Darbhanga airport is far from New Delhi airport. There is no parking. Passengers walk from the side of a highway, past a checkpoint to wait on benches outside the terminal. Then they wait on another set of outdoor benches after going through security. But it works.

Another passenger on the same flight at Darbhanga, Ajay Jha, cradled his one-year-old daughter, Saranya, as he stood near the rudimentary baggage claim area. His family was on the final leg of a journey that began in Bellevue, Washington, where he works as an engineer for Amazon, to a family reunion in rural Bihari. Traveling halfway around the world took less time than Mr. Jha spent returning from his school in Bangalore.

Yet a large majority of Indians cannot afford such amenities. The average annual income is still less than that of a single economy class ticket from the United States, and, in this top-heavy economy, most Indians earn much less than that. The middle class, in Indian language, designates a country close to the top of the pyramid.

A report by CAPA India, the aviation analytics firm, counted just 0.13 passenger seats per capita in 2019 for Indians, compared to 0.52 for Chinese and 3.03 for Americans. But Indian airlines and elected officials note the low penetration and see opportunities.

The lack of competition, amid the emergence of a duopoly between IndiGo and the Tata-led airlines, is one of the most striking features of the new landscape. Smaller competitors continue to fail, most recently Go First, which declared bankruptcy in May. A shortage of pilots, after dozens were poached by larger companies, forced Akasa Air, a promising young company, to cancel its flights in August.

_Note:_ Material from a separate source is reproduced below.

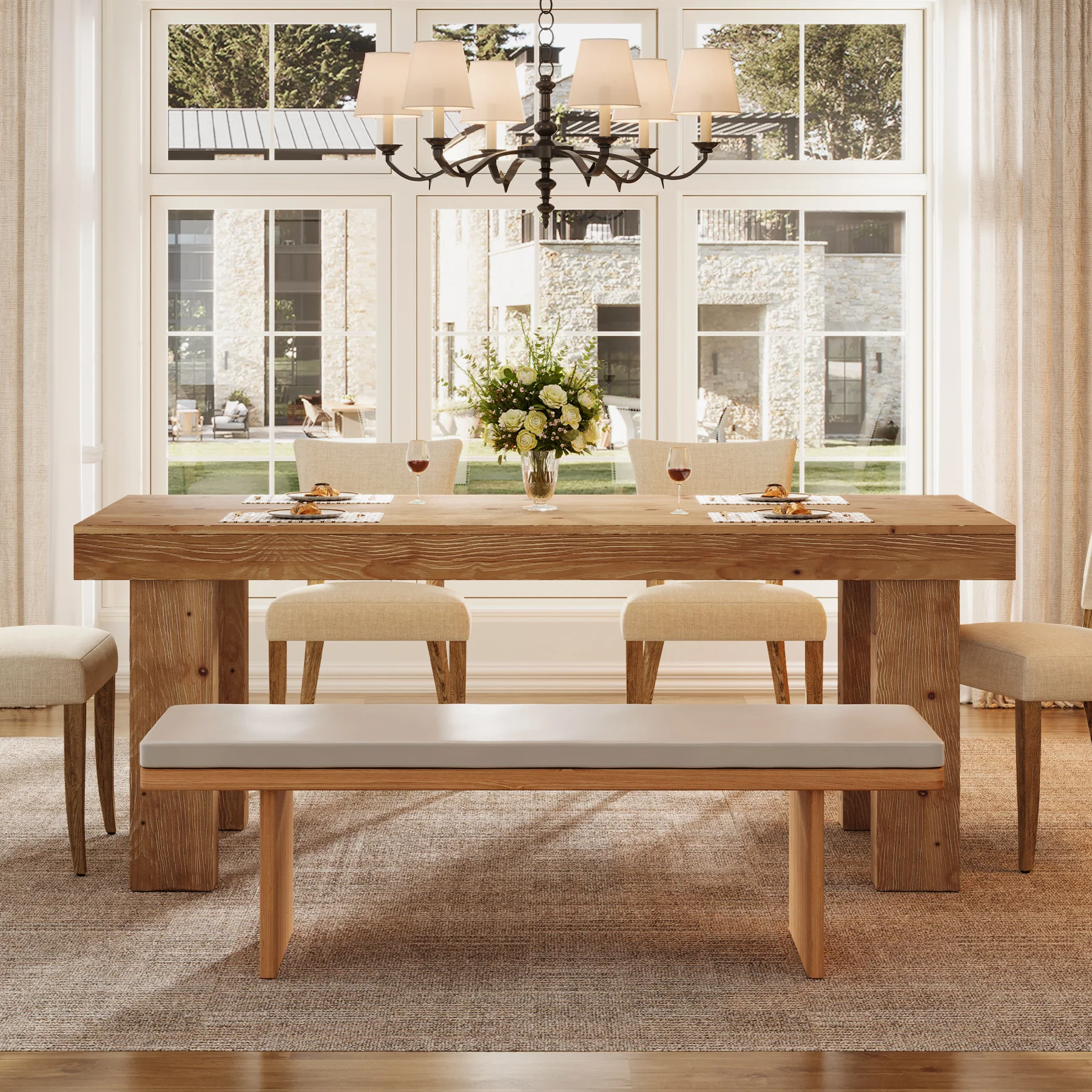 Tribesigns 63-Inch Solid Wood Kitchen Table for 4-6 People, Farmhouse Dining Table with Thick Tabletop - Image 6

But supply shortages are not the worst problem in today’s global economy. While aviation growth in the decade before the pandemic held steady at around 15% per year, the Indian boom seems almost guaranteed to change the future of aviation around the world. If the benefits enjoyed by winners in the Indian economy can trickle outwards and downwards, the same could be true for many other sectors.